I have been thinking more about what you said, and suddenly I had an interesting idea... I wonder what would happen if I did something as simple as set up custodial accounts for my kids under UTMA, say with one of my siblings as custodian... is there a way to set up the life insurance beneficiary designation to direct the money into that account, without causing the insurance company to have a conniption about paying the proceeds to a minor? The UTMA account wouldn't have all the nice spendthrift protections of a trust, so it's not ideal, but at least it might avoid estate taxes.

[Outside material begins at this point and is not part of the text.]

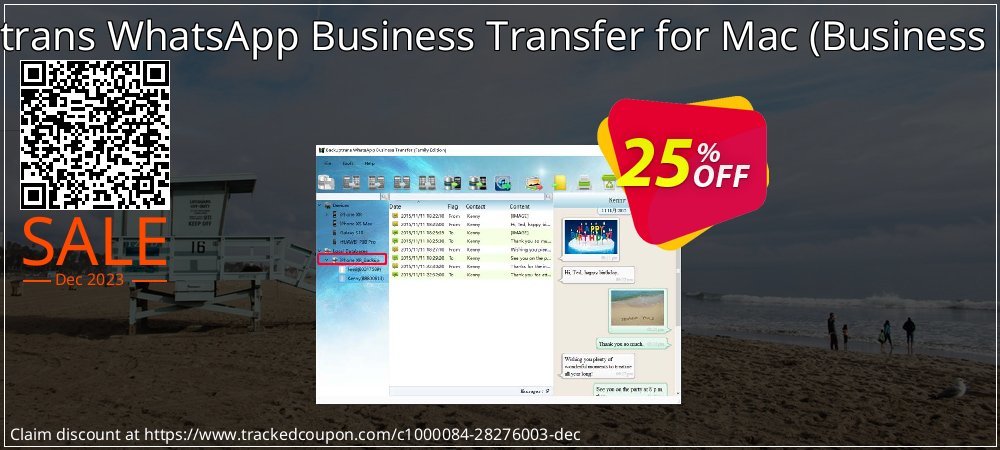 Backuptrans WhatsApp Business Transfer for Mac - Business Edition  coupon on Columbia Day offer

Or alternatively, is there some other way to write a beneficiary designation that causes some kind of trust to be created post mortem without it being part of my will. eg. could I designate a beneficiary like "George's brother, as Trustee for the benefit of George's kids". Could that be enough to allow my brother to receive the funds, hire a lawyer, and establish a spendthrift trust for my kids? I've read numerous times that it is a bad idea to name minor children as life insurance beneficiaries, plus I really don't want to dump 1 M$ on my kids in an unmanaged, unprotected lump sum, but it would still be helpful to understand the pros/cons of trying to do that vs. some of the other approaches.
 

Kiawah

Senior Member
Yes, and if I thought I could go online and use "LegalZoom" or similar to create such a trust for a few hundred bucks, then I probably would do exactly what you suggest... but I have looked through a sample of a life insurance trust that is pretty intimidating -- 22 pages long -- and I see tons of small, critical details in it so that even though the trust would be very simple in concept, I think trying to create it myself would be very risky. (opinions?)
To have a trust created professionally by my lawyer I think I'm looking at > $2000 in legal fees. That's not completely out of the question, but it just seems like throwing money away on a trust that in all likelihood will never be used.
As previously indicated, go get yourself the manuals I referenced. They include a CD with all of the hundreds of documents in Microsoft Word templates, if you wanted to do it yourself. I am NOT necessarily suggesting that you do it yourself, but you seem fairly intent on investigating that option. If you read thru these examples, you will have a much clearer understanding.

The dialogue they give as to why you use or don't use certain sections/paragraphs will start to clear up the complexities that you are sensing.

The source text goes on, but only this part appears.